This entire topic is why I DREAD the coming of web fonts – and why 99% of the websites I develop stick with this:
font:normal 85%/140% arial,helvetica,sans-serif;
In the body CSS, and doesn’t get TOUCHED for anything other than headings or image interactions.
You’ll constantly hear mimicry of the lame excuses from the “I learned print and they called it web” PSD jockeys who fail to grasp that the web is NOT print. All their fancy serifs and fancy typography does on the web is get in the way of delivering the content to the user – defeating the point of even having a website in the first bloody place. I don’t care how pretty your goofy font is, if it prevents anyone from reading the content
The same goes for colors when the art *** up and decides on letting their inner child go wild – now, the WCAG’s formula for checking contrast is a bit complex… but that’s why I personally go with the old IBM/MS/APPLE co-developed contrast norms they put together for the old Win3, OS/2, and MacOS norms way way way back in the day – 50% luminance minimum, 75% luminance preferred. The formula for luminance on that measurement being:
L=0.3R+0.59G+0.11B
Which is hard-coded into the VGA for converting color to a monochrome display as well as the ATI chips used in most early color Macs, and can be found in several old computer books, most notably “The Programmers Guide to the EGA/VGA” by Richard E. Ferraro, “The Windows User Interface Guidelines” included in PDF form with the old Visual Basic and VC++ for Win 3.x, and there was an Apple Book for Object Pascal that said the exact same thing… “If the user can’t read your text, what good is it?”

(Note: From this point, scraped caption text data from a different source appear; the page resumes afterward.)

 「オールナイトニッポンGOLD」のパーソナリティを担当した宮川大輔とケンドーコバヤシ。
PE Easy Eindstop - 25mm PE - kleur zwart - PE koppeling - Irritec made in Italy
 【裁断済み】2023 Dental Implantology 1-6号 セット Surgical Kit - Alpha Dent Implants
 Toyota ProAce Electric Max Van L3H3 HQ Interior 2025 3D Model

If you take the foreground color, convert it to L, take the background color, convert it to L, and they are more than 50% apart they’re probably illegible to most people – and if they are 50-75% apart some people may have difficulty depending on the colors. (light on dark is more forgiving than dark on light in that regard).

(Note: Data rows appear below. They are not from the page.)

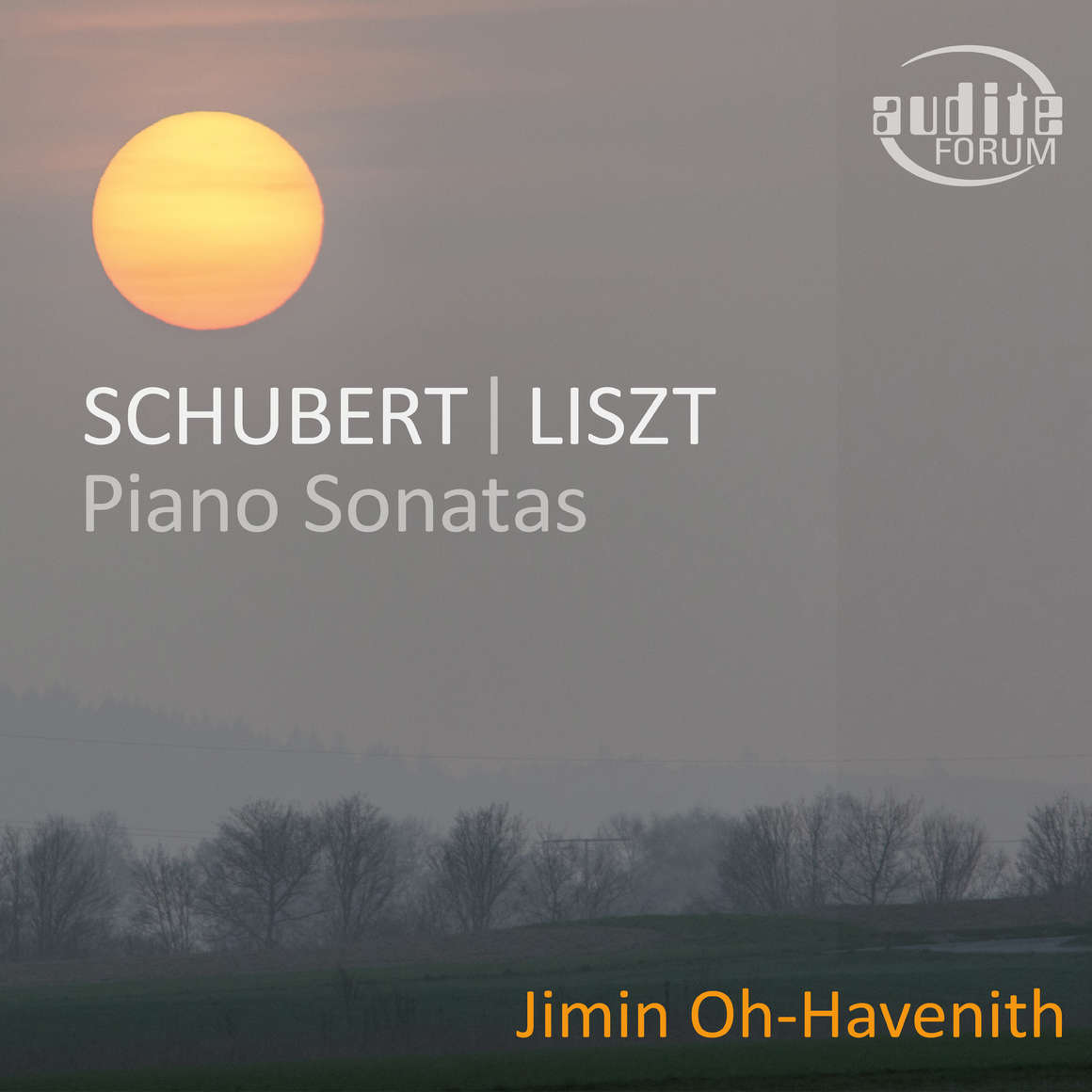 Jimin Oh-Havenith - Schubert | Liszt - Piano Sonatas - Audite 20043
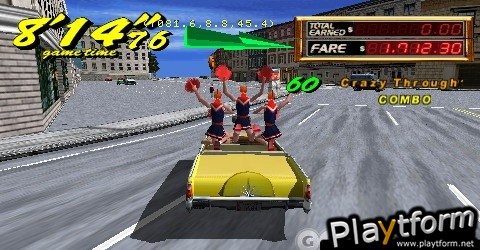 Crazy Taxi: Fare Wars (PSP)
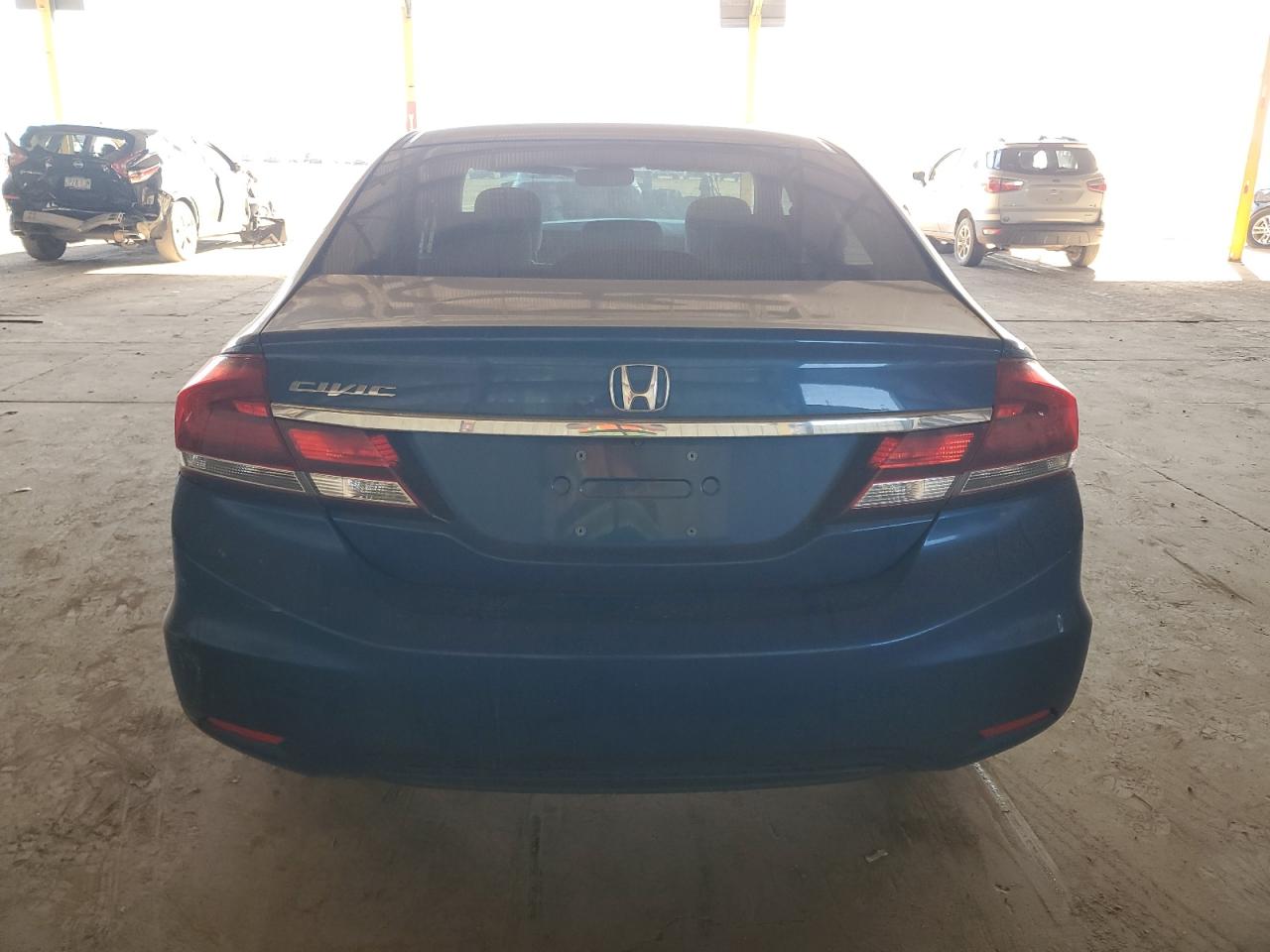 2013 Honda Civic Ex VIN: 19XFB2F82DE059657 Lot: 85757655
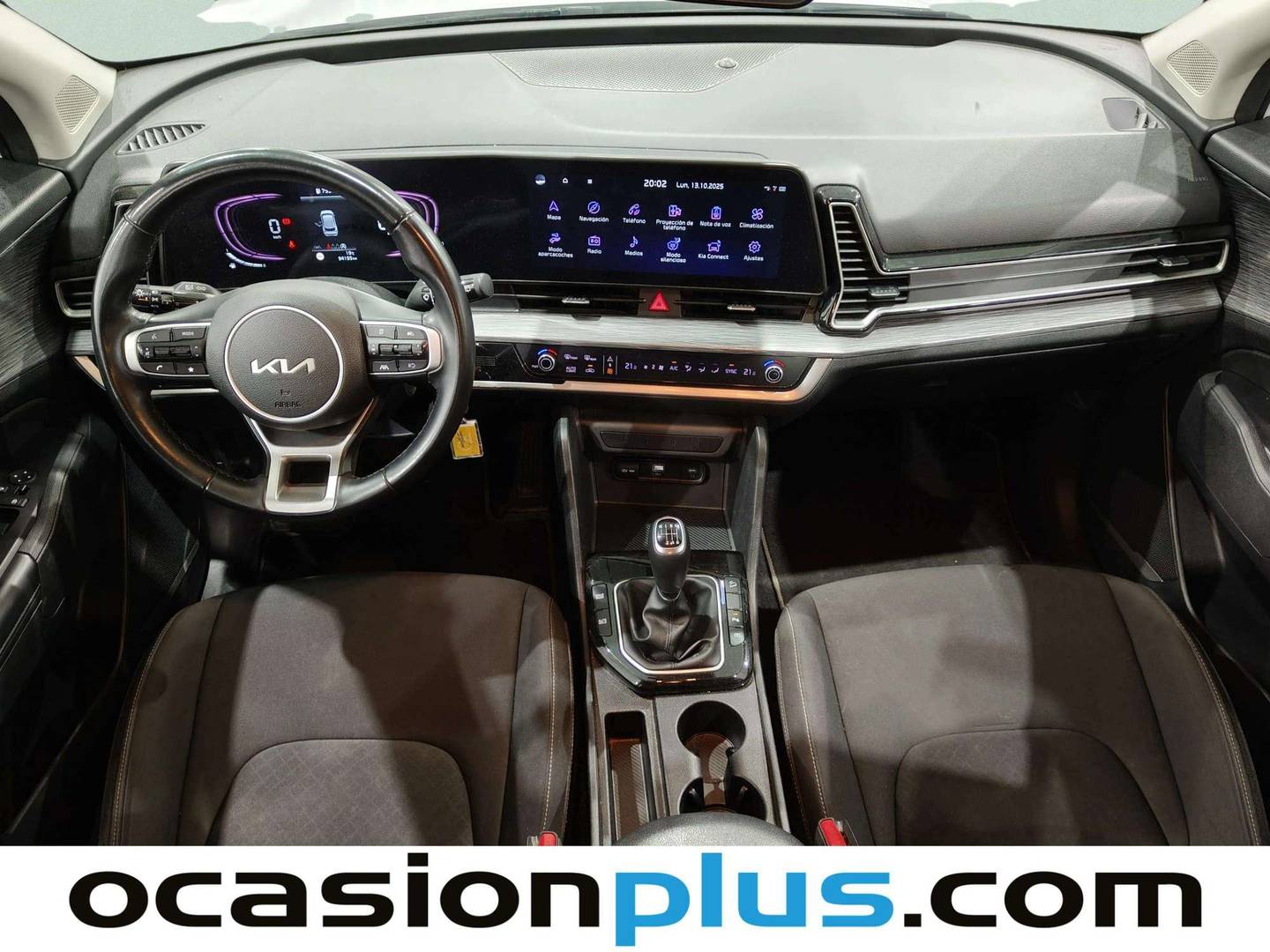 KIA Sportage KIA Sportage 1.6 CRDi MHEV Business 4x2 (136 CV) de ocasión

… and the best part is that formula also miraculously prevents color-blindness issues too!
But it’s like font-size… as a large fonts/120dpi user I find anything smaller than 12px illegible, and even 14px is on the edge – which is why when FORCED to use px by an image interaction I go with 14px or larger, but I ALWAYS keep my content at 85% for sans-serif and 100% when/if serif is appropriate (which is to say almost never).
… and yeah, I’m not a fan of tag clouds either – what’s wrong with just listing them in order of popularity? OH wait, that would make SENSE.
Oh, and @ScallioXTX – You know, I love it when people link to articles talking about print, that are themselves illegible on screen THANKS to the use of serif fonts. Screen is NOT print – that whole 6.2% to 30% the resolution thing being a real kick between the legs on the use of serifs.